_Required work_
From the line containing "Size M | Mugler Bike Shorts" down to the last line of the data, output each line word for word and include nothing else.

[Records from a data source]
((

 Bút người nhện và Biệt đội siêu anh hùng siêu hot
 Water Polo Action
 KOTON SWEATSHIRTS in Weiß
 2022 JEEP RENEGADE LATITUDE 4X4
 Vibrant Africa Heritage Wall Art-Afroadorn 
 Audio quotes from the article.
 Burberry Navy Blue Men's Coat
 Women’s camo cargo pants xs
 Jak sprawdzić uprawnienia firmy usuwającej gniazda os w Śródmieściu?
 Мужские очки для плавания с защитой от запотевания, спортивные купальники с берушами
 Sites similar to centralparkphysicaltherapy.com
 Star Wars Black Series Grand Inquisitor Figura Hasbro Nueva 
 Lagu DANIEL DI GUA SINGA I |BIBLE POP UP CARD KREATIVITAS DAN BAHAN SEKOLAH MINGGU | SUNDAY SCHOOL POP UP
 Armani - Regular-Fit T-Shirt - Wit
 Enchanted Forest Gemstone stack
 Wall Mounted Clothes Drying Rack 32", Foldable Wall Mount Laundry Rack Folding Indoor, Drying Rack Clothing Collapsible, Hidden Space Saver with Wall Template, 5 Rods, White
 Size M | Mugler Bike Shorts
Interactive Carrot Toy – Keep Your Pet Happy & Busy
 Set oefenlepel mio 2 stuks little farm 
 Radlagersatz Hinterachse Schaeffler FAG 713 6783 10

))

_Task solution_
 Size M | Mugler Bike Shorts
Interactive Carrot Toy – Keep Your Pet Happy & Busy
 Set oefenlepel mio 2 stuks little farm 
 Radlagersatz Hinterachse Schaeffler FAG 713 6783 10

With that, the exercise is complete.